Após os períodos de transição, as unidades participantes do SCEE ficarão sujeitas às regras tarifárias estabelecidas pela Aneel para as unidades consumidoras com microgeração ou minigeração distribuída.
A Aneel deverá estabelecer um formulário padrão para a solicitação de acesso para microgeração e minigeração distribuída, que deve ser protocolado na concessionária de distribuição de energia elétrica competente, não cabendo à concessionária solicitar documentos adicionais àqueles indicados nos formulários padronizados. Em outras palavras, a Aneel unificará os critérios de conexão dos projetos de geração distribuída, acabando com a análise atualmente descentralizada feita por cada concessionária de distribuição de energia elétrica.
O texto também determina que os interessados em implantar projetos de minigeração distribuída devem apresentar garantia de fiel cumprimento em montantes que variam entre 2,5% do valor do investimento (para centrais geradoras com potência instalada superior a 500 kW e inferior a 1.000 kW) ou 5% do valor do investimento (para centrais com potência instalada maior ou igual a 1.000 kW), ficando dispensadas dessa obrigação as centrais de microgeração ou minigeração distribuída enquadradas nas modalidades de geração compartilhada por meio da formação de consórcio ou cooperativa e enquadradas na modalidade de múltiplas unidades consumidoras.
Além disso, os projetos de minigeração distribuída serão considerados projetos de infraestrutura de geração de energia elétrica, que poderão ser beneficiários do Regime Especial de Incentivos para o Desenvolvimento da Infraestrutura (Reidi). Também serão enquadrados no rol de projetos que poderão constituir Fundo de Investimento em Participações em Infraestrutura (FIP-IE) e Fundo de Investimento em Participação na Produção Econômica Intensiva em Pesquisa, Desenvolvimento e Inovação (FIP-PD&I), sendo, portanto, considerados projetos prioritários e que proporcionam benefícios ambientais e sociais relevantes ao Brasil.

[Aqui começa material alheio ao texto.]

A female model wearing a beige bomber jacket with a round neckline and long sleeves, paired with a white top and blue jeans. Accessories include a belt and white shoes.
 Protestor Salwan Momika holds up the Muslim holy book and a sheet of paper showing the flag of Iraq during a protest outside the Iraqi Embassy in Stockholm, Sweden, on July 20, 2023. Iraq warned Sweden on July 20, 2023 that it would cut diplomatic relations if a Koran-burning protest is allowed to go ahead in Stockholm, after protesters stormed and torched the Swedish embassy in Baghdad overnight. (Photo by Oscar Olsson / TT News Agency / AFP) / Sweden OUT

Especificamente em relação às distribuidoras, os montantes de energia elétrica excedentes das concessionárias ou permissionárias de distribuição de energia elétrica, em função da variação de mercado decorrente da opção dos consumidores pelo regime de microgeração e minigeração distribuída, serão considerados exposição contratual involuntária, reduzindo assim o risco de sobrecarga por sobreposição de energia causada pelos consumidores.
A lei também institui o Programa de Energia Renovável Social, destinado a investimentos na instalação de sistemas fotovoltaicos e outras fontes renováveis, na modalidade local ou remota compartilhada, em benefício dos consumidores da Subclasse Residencial de Baixa Renda, cujos recursos financeiros virão do Programa de Eficiência Energética, de fontes de recurso complementares ou, ainda, da parcela de outras receitas das atividades exercidas pelas distribuidoras de energia elétrica convertidas para a modicidade tarifária.
Mesmo ainda dependendo de deliberação do Senado, a aprovação do texto pela Câmara dos Deputados representa um importante passo na consolidação e modernização da regulação das atividades de geração distribuída no Brasil, inclusive em relação à segurança jurídica. Esses fatores, desde que efetivamente implementados no texto final a ser convertido em lei, podem servir como importante vetor de investimentos no setor e ampliar a participação da fonte solar na matriz energética brasileira.